User`s guide
Cray XMT™ Programming Environment User’s Guide
In these two cases, each reference to x$ results in a separate read of that variable
and requires a separate write to x$. The second write to x$ must be performed by a
thread other than the one executing the code in the example. In the first case, it might
have been the intention of the programmer to add together two successive values of
x$. If so, this code presents no problems provided the program contains additional
code that executes concurrently with the code in the example and performs the second
write to x$. In the second case, it is doubtful that the programmer's intention was to
compare two different values of x$. Also, due to the short-circuiting rules in C and
C++, there is no guarantee that the second read will occur. Thus, you could end up
with a deadlock whether or not have two writes to x$. If you have two writes, but
the second read does not occur due to short-circuiting, your code will deadlock due
to too many writes. On the other hand, if you have one write, and the second read
does occur, your code will deadlock due to too many reads. In both of these cases, if
the intention is to read only one value for x$, a temporary variable should be used,
as in this example:
tmpx = x$;
if ((tmpx >= 10) && (tmpx <= 100)){}
Deadlock can also occur when two or more concurrent functions access global sync
variables in a different order. For example, if a$ and b$ are global sync variables,
and the function fnc1 first loads a$ and then loads b$.
tmp_a = a$;
tmp_b = b$;
In the same program, function fnc2 first loads b$ and then loads a$.
tmp_b = b$;
tmp_a = a$;
If the functions run concurrently, then there is a chance of deadlock. If fnc2 loads
b$ after fnc1 loads a$, but before fnc1 loads b$, then neither function can
continue unless a third concurrently running function eventually writes to either a$ or
b$. You can avoid this problem by always accessing a$ and $b in the same order
each time you use them in functions that may be concurrent.
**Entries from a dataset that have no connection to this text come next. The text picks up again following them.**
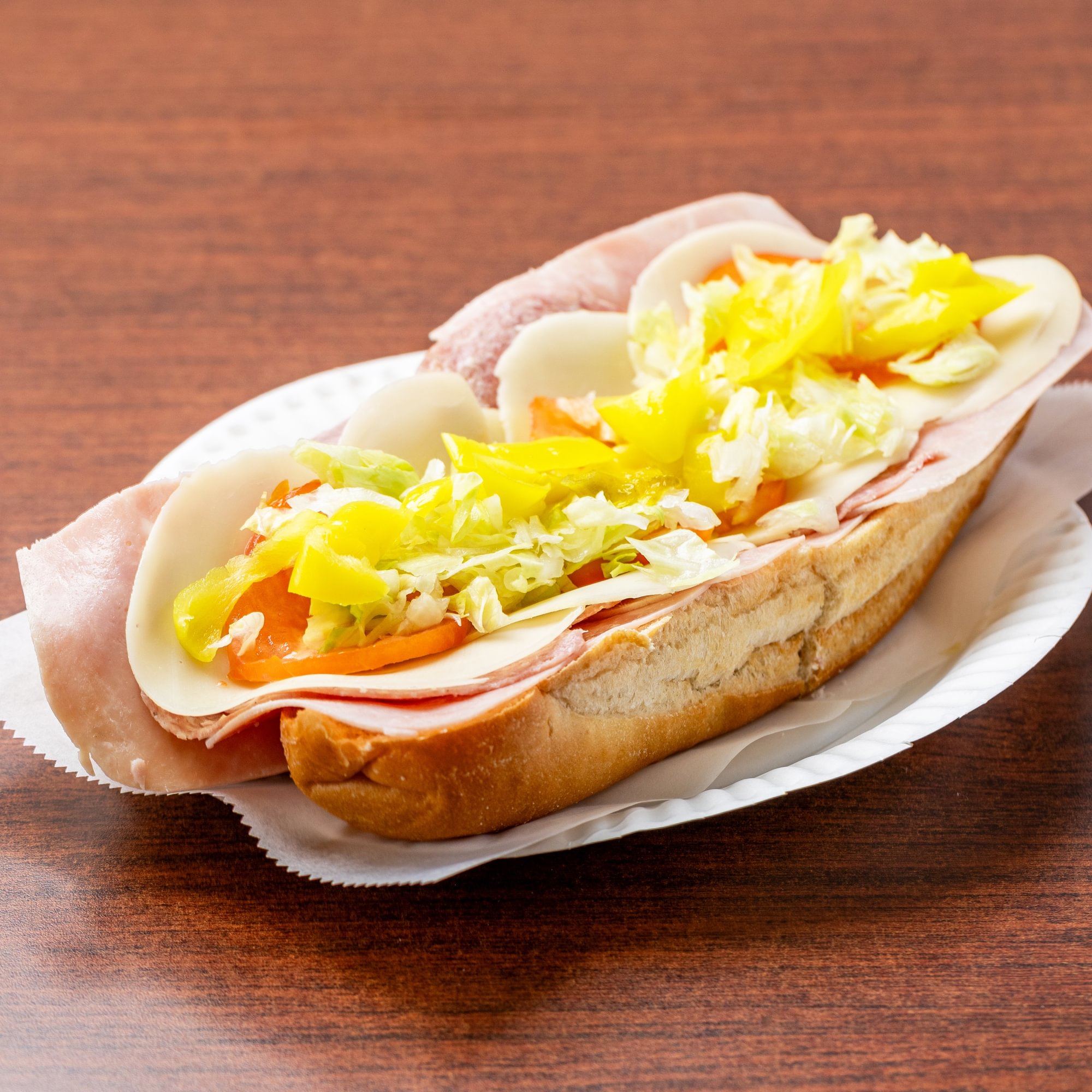 Italian Hoagie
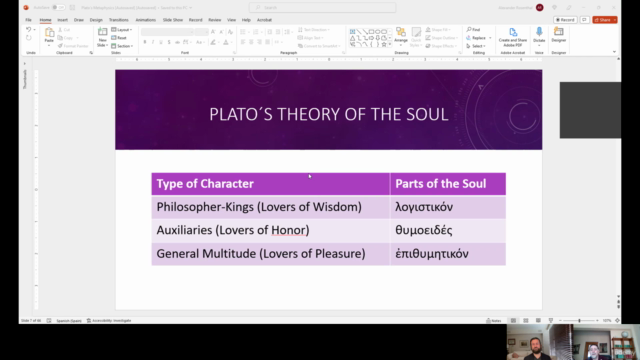 Plato´s Republic -Part II – Screenshot 1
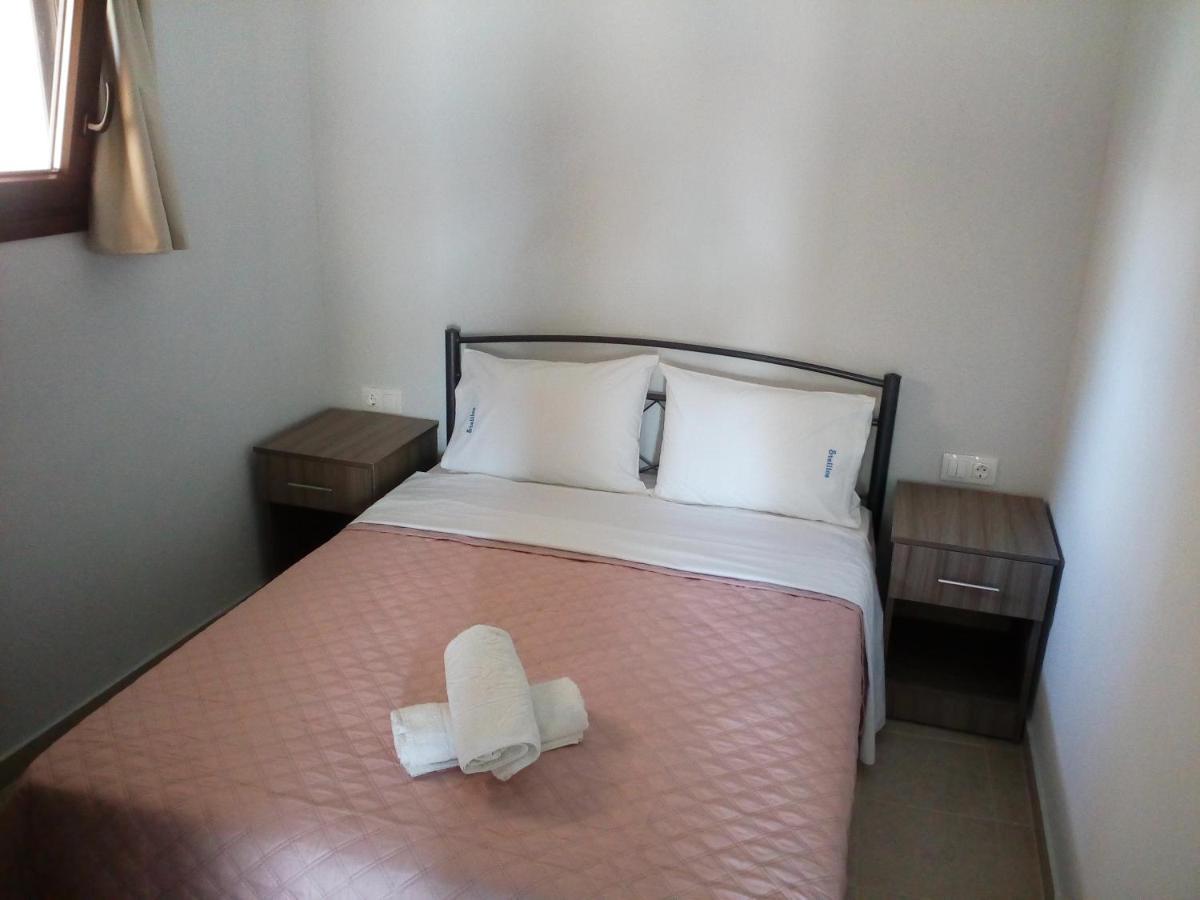 Stelios House Appartement Agios Nikolaos  Buitenkant foto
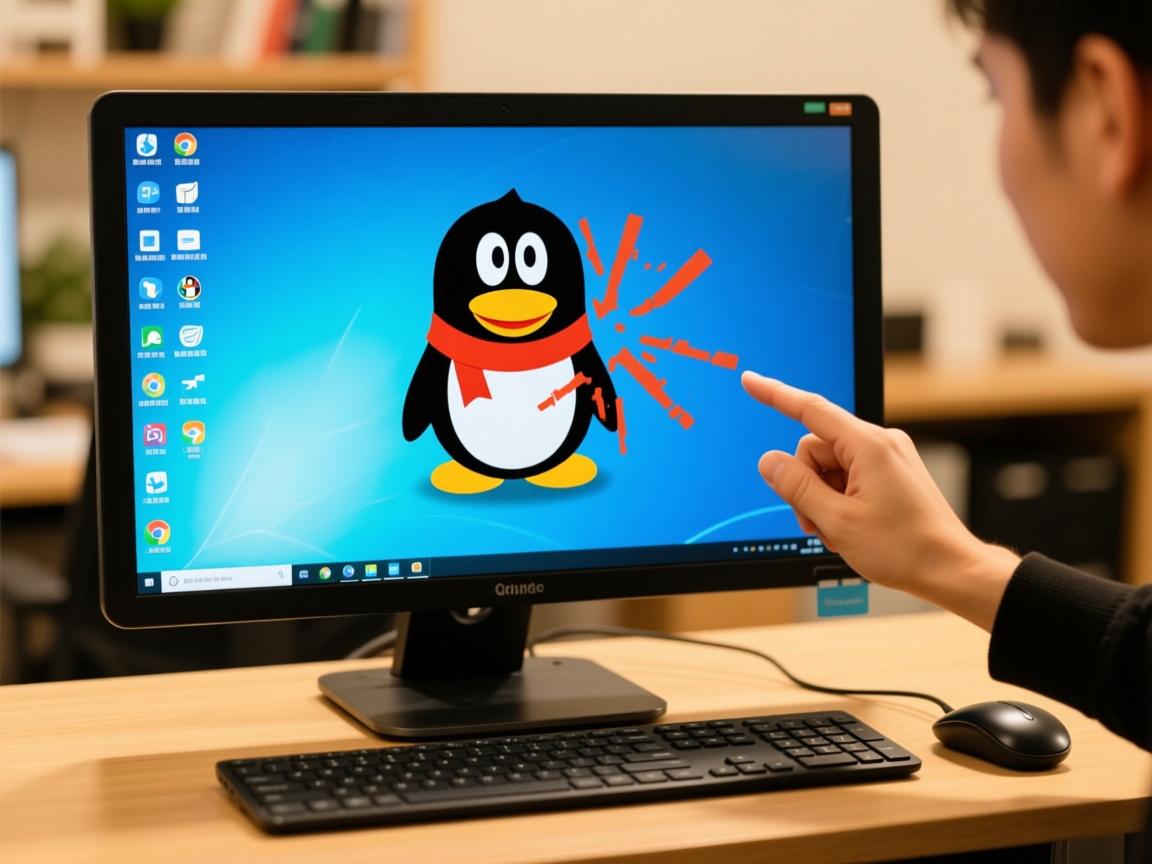 电脑安装QQ失败？背后原因究竟是什么？  第2张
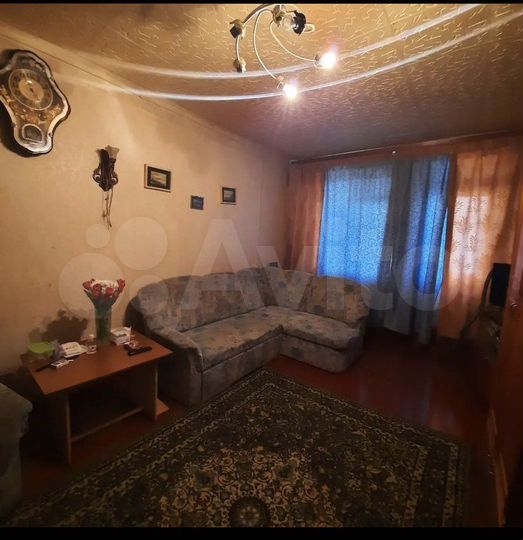 1-к. квартира, 32 м², 2/2 эт.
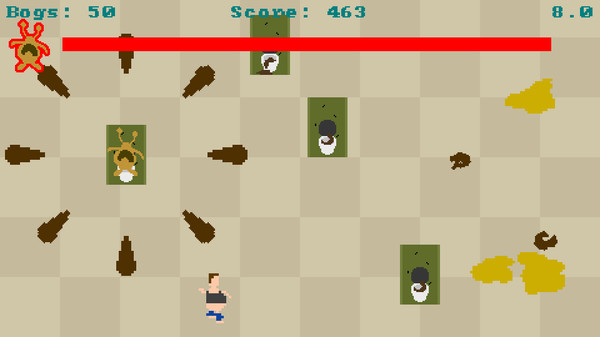 Porcelain Panic screenshot 2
3.4 Programming Considerations for Floating-point Operations
The base arithmetic for floating-point operations on the Cray XMT uses the IEEE
Standard 754 format double precision (64-bit). A 64-bit floating-point number,
known as a Float64 on the Cray XMT, consists of a sign bit, an 11-bit exponent,
and 52 bits of fraction. Ordinary numbers (those with a biased exponent not equal to
zero or 0x7FF) have an exponent bias of 1023 (0x3FF) and their absolute value can
be expressed using the following equation:
(1.0 + fraction) << (exponent - 0x3FF)
The value is negative if the sign bit is set, positive if it is not set.